Municipales 2020 : une vague verte historique déferle sur les grandes villes françaises

Par Abel Mestre - Le Monde

En gagnant à Lyon, Bordeaux, Strasbourg, Poitiers ou Grenoble, et en participant à la victoire à Paris ou Marseille, les écologistes s’imposent comme une force politique de premier plan.

C’est une bascule historique. Europe Ecologie-Les Verts (EELV) n’est plus le même parti après le second tour des élections municipales, le 28 juin. Petite structure de quatre salariés, sans député à l’Assemblée nationale, EELV a ravi plusieurs grandes villes, devenant ainsi une force majeure de l’opposition au président de la République Emmanuel Macron. Les écologistes gagnent – seuls ou à la tête de coalitions – des communes comme Lyon, Bordeaux, Strasbourg, Poitiers, Besançon, Annecy ou encore Colombes (Hauts-de-Seine).

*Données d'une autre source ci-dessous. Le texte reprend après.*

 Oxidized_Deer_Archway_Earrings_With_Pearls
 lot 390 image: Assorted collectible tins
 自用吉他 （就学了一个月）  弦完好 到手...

Ils gardent Grenoble et participent à la victoire à Paris, Montpellier ou encore à Marseille où la situation reste encore un peu floue pour le « troisième tour », l’élection du maire par les conseillers municipaux. Toutes ces villes devront être les vitrines de cette écologie politique qui est entrée dans sa phase de maturité, qui n’a plus peur de dire qu’elle veut le pouvoir et l’exercer.

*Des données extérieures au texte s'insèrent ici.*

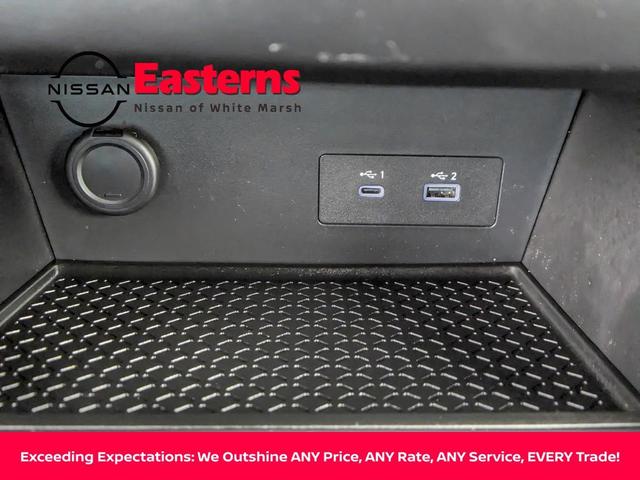 Photo of 2024 Black Nissan Pathfinder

« Cela ressemble aux municipales de 1977 [gagnées par la gauche et qui préfiguraient la victoire de François Mitterrand en 1981]. Malgré les coalitions anti-climat, malgré les insultes dans la campagne, les maires écologistes sont réélus et de nouvelles victoires permettent à l’écologie de s’ancrer durablement dans les territoires, dans de nombreuses villes et grandes métropoles. Mais aussi dans de nombreux villages et quartiers populaires, sur lesquels l’attention se porte moins : Schiltigheim [Bas-Rhin], Bègles [Gironde], Arcueil [Val-de-Marne]… », se félicite Julien Bayou, secrétaire national d’EELV.

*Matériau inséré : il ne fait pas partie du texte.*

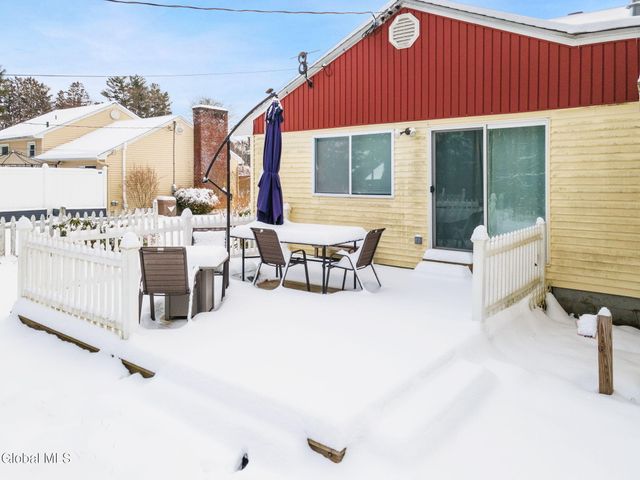 13 E Saint Stephens Lane, Glenville, NY 12302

« Un tournant politique pour notre pays »

Yannick Jadot, député européen et homme fort des Verts, abonde : « C’est un tournant politique pour notre pays. Le paysage se recompose autour de l’écologie, d’un projet riche. C’est une réaction à l’impuissance et aux non-choix du gouvernement sur les questions écologiques et sociales, à la verticalité de son pouvoir. »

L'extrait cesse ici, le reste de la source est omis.